Theorem 5. Suppose the conditions of Theorem 2 are fulfilled, except for condition \(2^\circ\) and relations (8), which are replaced respectively by the conditions:
\[ \|P'(x_0)h\|\geq M_0^{-1}\|h\| \quad\text{and}\quad \|\overline{P'(x_0)}h\|\geq M_0^{-1}\|h\| \quad \text{for all }h\in H\ (M_0>0) \]
and by the relations
\[ M_{k+1}=\frac{M_k}{1-M_k^2B\bar\delta_k}, \qquad \bar\delta_{k+1}=\bar\delta_k\left( \frac{M_k^2A^2-1}{M_k^2A^2+1} +\frac12 M^2B\bar\delta_k \right). \tag{11} \]
Then equation (1) has in the sphere \(S(x_0,r)\) a solution \(x^*\), to which the sequence \(\{x_n\}\) obtained from (10) converges, and the estimates (9) hold, where \(\delta_n=\|P(x_n)\|\) and \(M_n\) are defined recursively by formulas (11).
The weakenings in the hypotheses of Theorems 4 and 5, as compared with the hypotheses of Theorems 1 and 2, are obtained by virtue of the self-adjointness of the operator \(P'(x)P'(x)\), since now, in order to estimate the last term in (5), we may use Theorem 2 of (3).*
Verification of the fulfillment of the conditions of Theorem 5 is facilitated by
Theorem 6. If
\[ (b_0+1)(9-12a_0+8a_0^2-2a_0^3)a_0 \leqslant 4 \quad\text{and}\quad a_0 \leqslant {^{4}\!/_{9}}, \]
then condition \(4^\circ\) of Theorem 5 is satisfied.
Finally, let us note that other choices of the elements \(y_n\) may also be of some interest.
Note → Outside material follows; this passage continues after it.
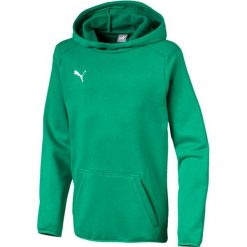Bluza dla chłopca Puma Liga Casuals Hoody zielona 655636 05. Zielone bluzy dla chłopców Puma, bez wzorów, z bawełny, bez ramiączek, z kapturem. Za 194.43 zł.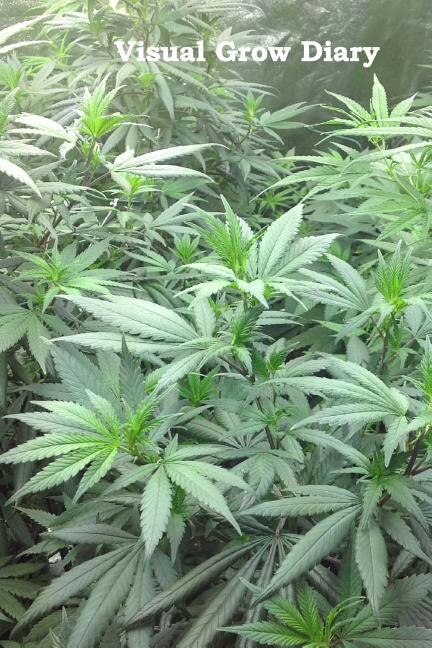 Front cover_Visual Grow Diary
For example, with the choices
\(y_n=P'(x_n)\overline{P'(x_n)}P(x_n)\),
\(y_n=\overline{P'(x_n)}P'(x_n)\overline{P'(x_n)}P(x_n)\), etc., theorems analogous to those given above hold. In particular, if \(y_n=[P'(x_n)]^{-1}P(x_n)\), then we obtain Newton’s method.
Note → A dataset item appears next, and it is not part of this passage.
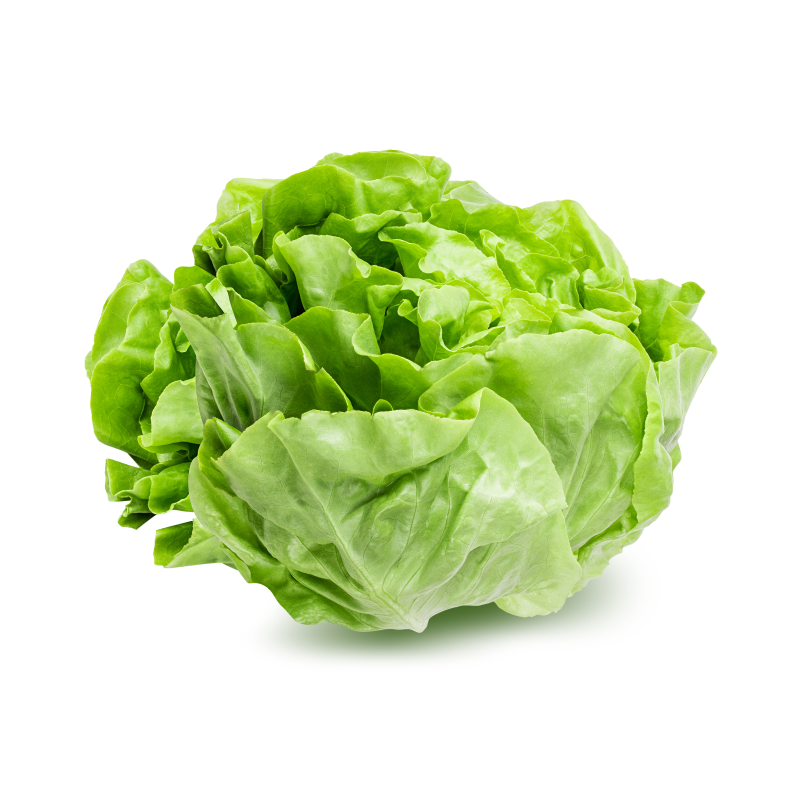 Lechuga Lechuga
Institute of Power Engineering
Academy of Sciences of the Estonian SSR
Received
14 VI 1960
REFERENCES
- M. A. Krasnosel’skii, S. G. Krein, Matem. sborn., 31, No. 2, 315 (1952).
- L. A. Kivistik, Izv. AN EstSSR, ser. fiz.-matem. i tekhn. nauk, 9, No. 2, 145 (1960).
- W. Greub, W. Rheinboldt, Proc. Am. Math. Soc., 10, No. 3, 407 (1959).
* In the case of a finite-dimensional space, the same estimate already follows from (4.10) in (1).